Types of Natural Selection: Disruptive Selection

Disruptive selection is a type of natural selection that selects against the average individual in a population. The makeup of this type of population would show phenotypes (individuals with groups of traits) of both extremes but have very few individuals in the middle. Disruptive selection is the rarest of the three types of natural selection and can lead to the deviation in a species line.

Basically, it comes down to the individuals in the group who get to mate—who survive best. They are the ones who have traits on the extreme ends of the spectrum. The individual with just middle-of-the-road characteristics is not as successful at survival and/or breeding to further pass on "average" genes. In contrast, a population functions in stabilizing selection mode when the intermediate individuals are the most populous. Disruptive selection occurs in times of change, such as habitat change or change in resources availability.

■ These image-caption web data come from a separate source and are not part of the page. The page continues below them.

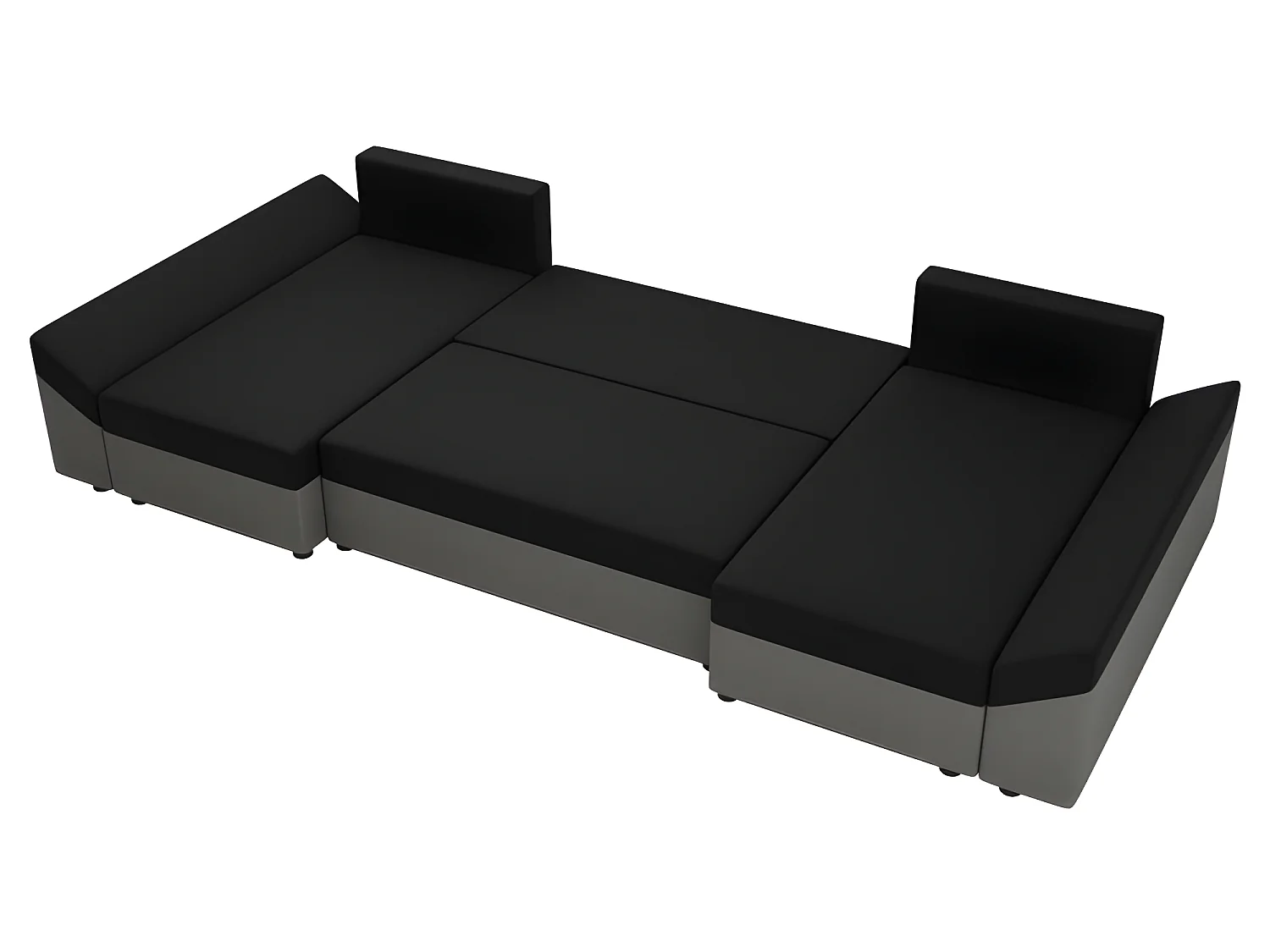 Canapé d'angle panoramique DANY en U en velours côtelé gris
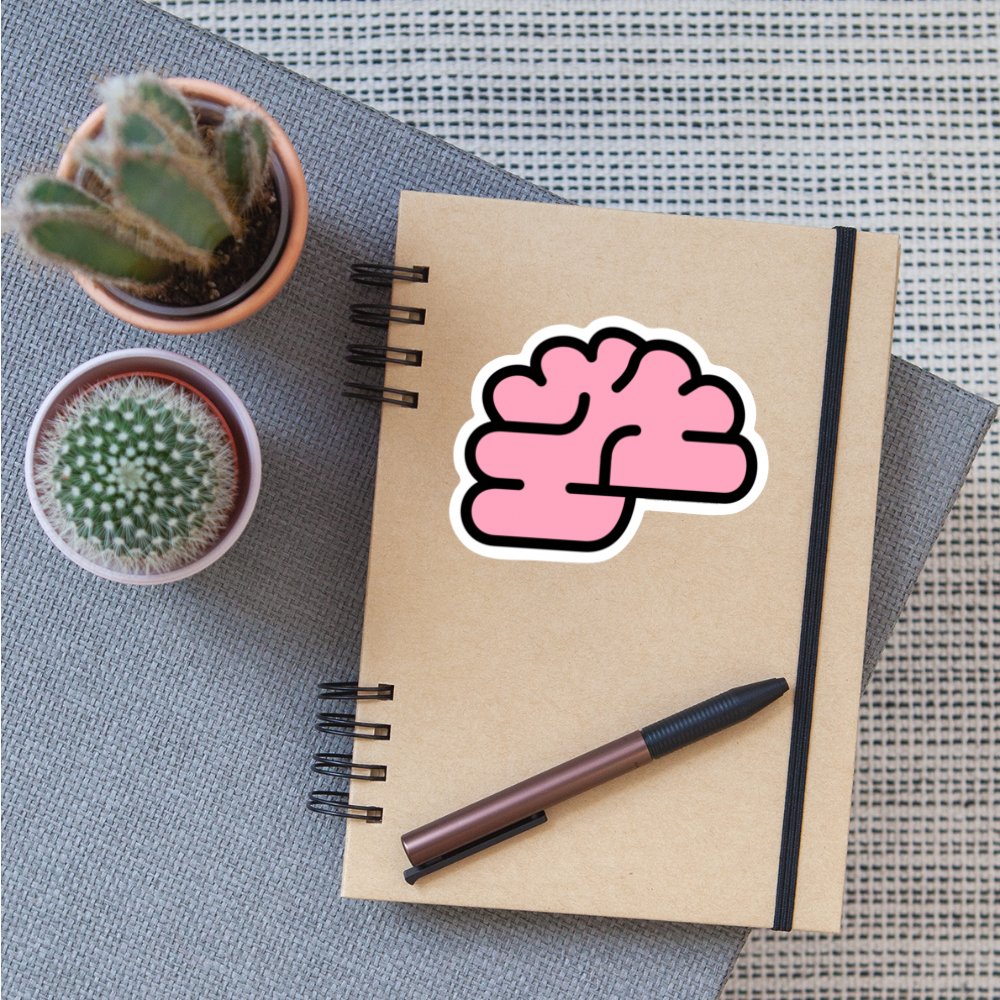 Brain Moji Sticker - Emoji.Express - white matte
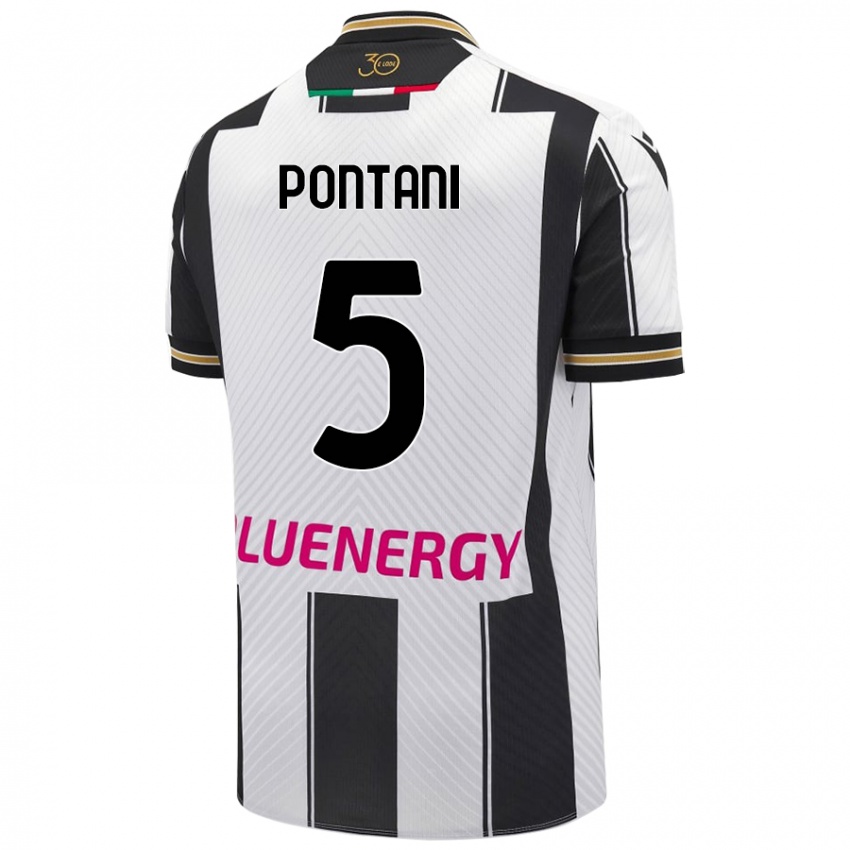 Enfant Maillot Leonardo Pontani #5 Blanc Noir Tenues Domicile 2024/25 T-Shirt Belgique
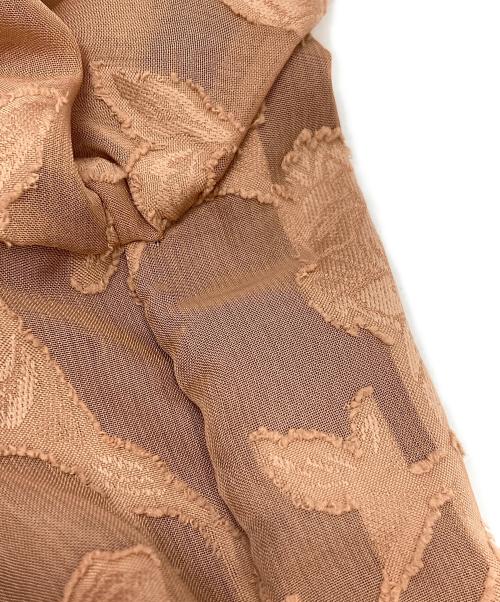 sahara（サハラ）sahara (サハラ) Sheer Jacquard Docking Dress ワインレッド サイズ:不明（実寸参照）の古着・服飾アイテム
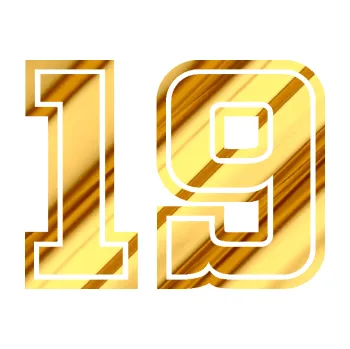 Polep vozidla Startovní číslo 19 typ 5 (81 - chrom fólie zlatá zrcadlová) SAMOLEPKA NA AUTO, NÁLEPKA, FÓLIE, POLEP, TUNING, VLASTNÍ TEXT, TISK, AUTOSAMOLEPKY.cz, POLEPY, OBRÁZEK, LOGO, 3D STICKERS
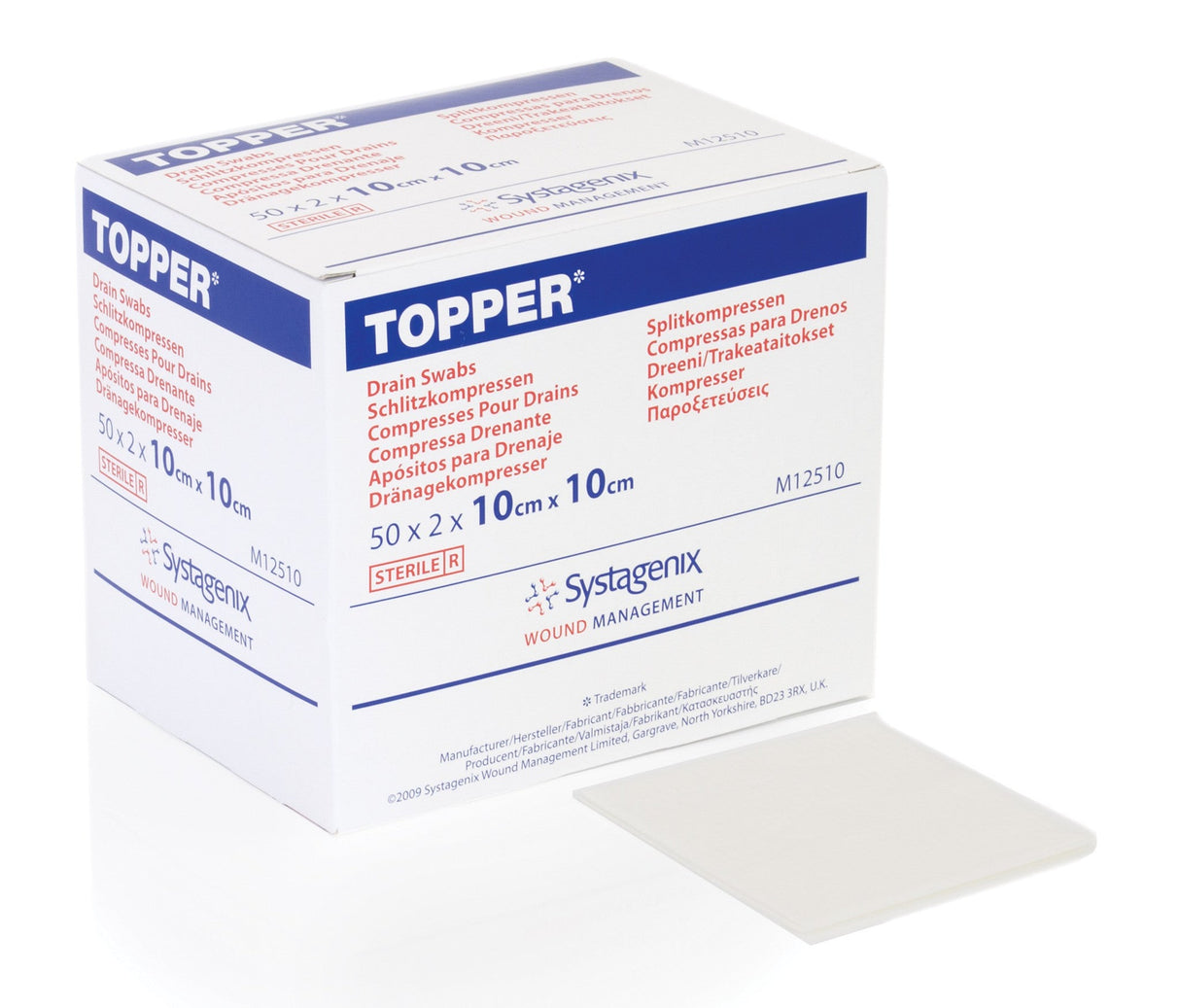 (Cs16) Bx/100 Topper® Drain  Swabs 10Cm X 10Cm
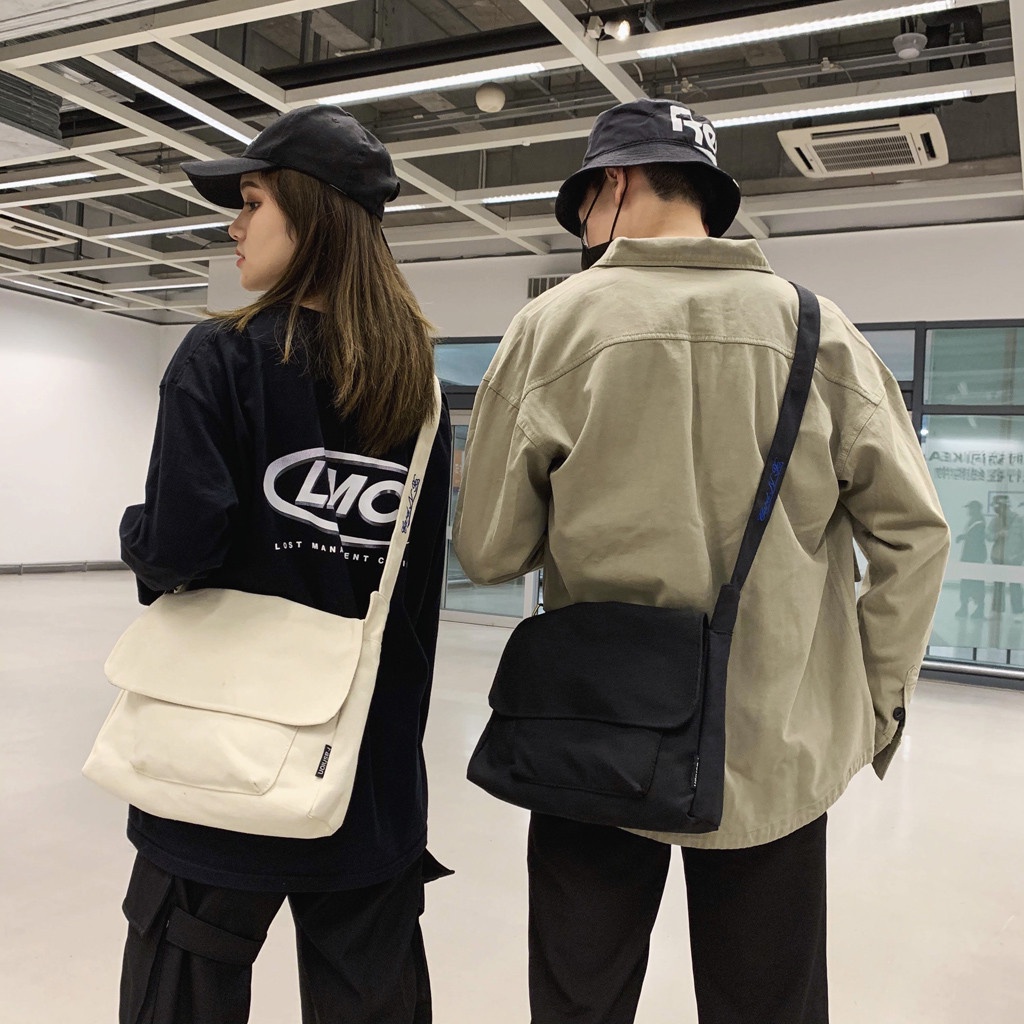 SmallLee Messenger Bags Untuk Wanita Wanita Patch Huruf Kanvas Tas Kasual Siswa Bahu Minimalis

Disruptive Selection and Speciation

The bell curve is not typical in shape when exhibiting disruptive selection. In fact, it looks almost like two separate bell curves. There are peaks at both extremes and a very deep valley in the middle, where the average individuals are represented. Disruptive selection can lead to speciation, with two or more different species forming and the middle-of-the-road individuals being wiped out. Because of this, it's also called "diversifying selection," and it drives evolution.

Disruptive selection happens in large populations with lots of pressure for the individuals to find advantages or niches as they compete with each other for food to survive and/or partners to pass on their lineage.

Like directional selection, disruptive selection can be influenced by human interaction. Environmental pollution can drive disruptive selection to choose different colorings in animals for survival.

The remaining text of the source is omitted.